Work item =>
In the copy, include no images. Reproduce the entries exactly.

Entries taken from a collection
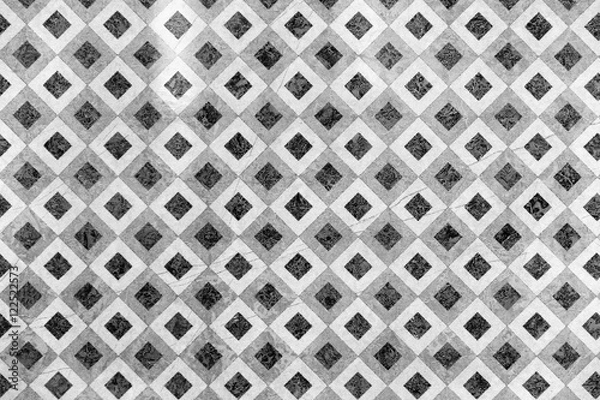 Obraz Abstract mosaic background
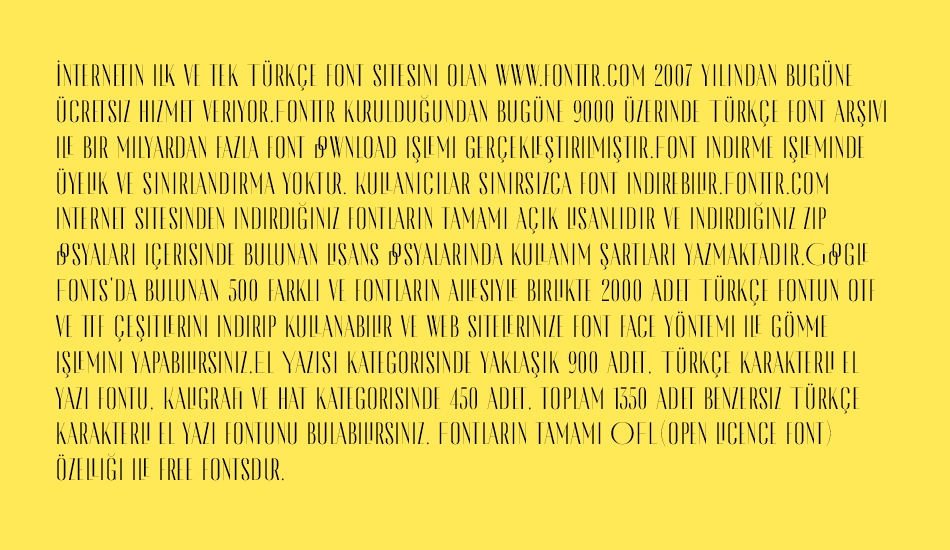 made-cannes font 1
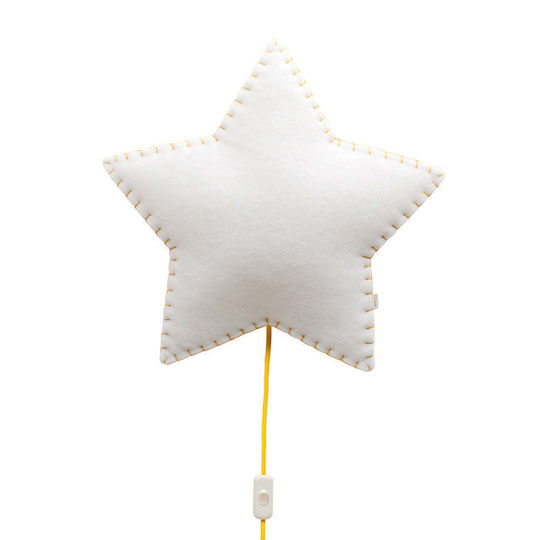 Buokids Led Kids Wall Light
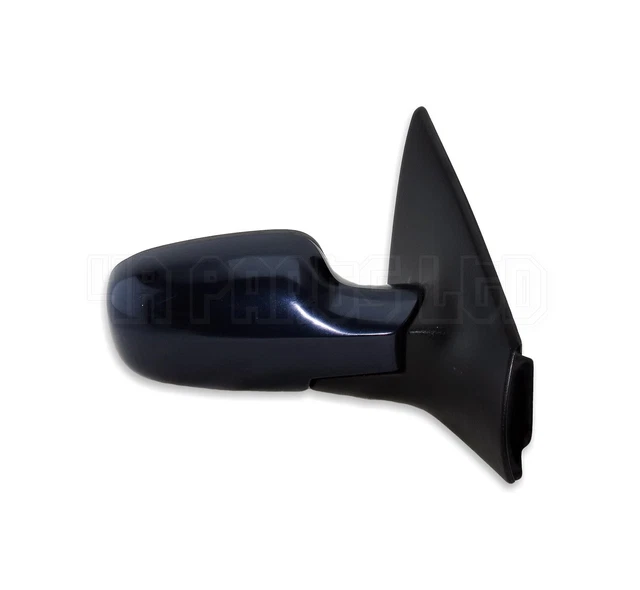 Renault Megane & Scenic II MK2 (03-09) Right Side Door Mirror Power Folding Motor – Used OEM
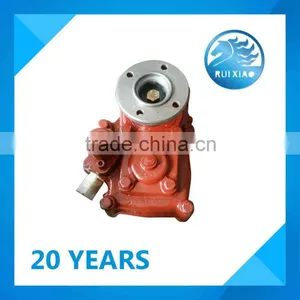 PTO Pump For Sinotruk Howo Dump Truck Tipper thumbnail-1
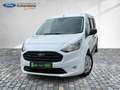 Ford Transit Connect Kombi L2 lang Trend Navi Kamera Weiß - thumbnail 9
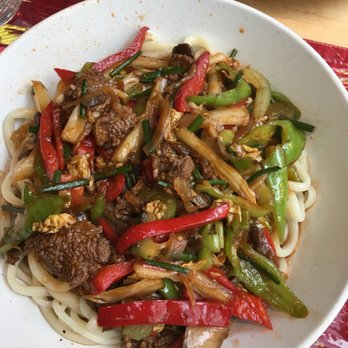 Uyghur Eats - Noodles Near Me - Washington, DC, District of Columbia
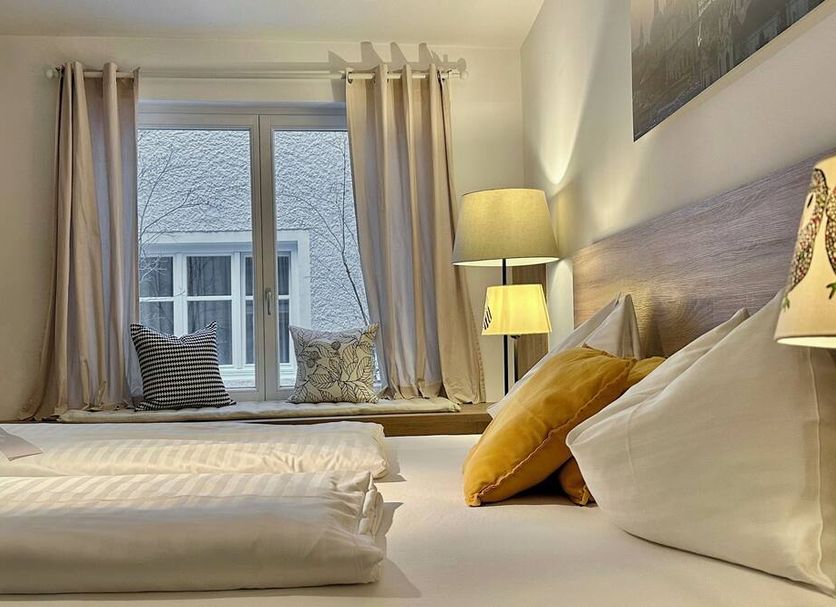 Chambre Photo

Exercise answer =>
 Obraz Abstract mosaic background
 made-cannes font 1
 Buokids Led Kids Wall Light
 Renault Megane & Scenic II MK2 (03-09) Right Side Door Mirror Power Folding Motor – Used OEM
 PTO Pump For Sinotruk Howo Dump Truck Tipper thumbnail-1
 Ford Transit Connect Kombi L2 lang Trend Navi Kamera Weiß - thumbnail 9
 Uyghur Eats - Noodles Near Me - Washington, DC, District of Columbia
 Chambre Photo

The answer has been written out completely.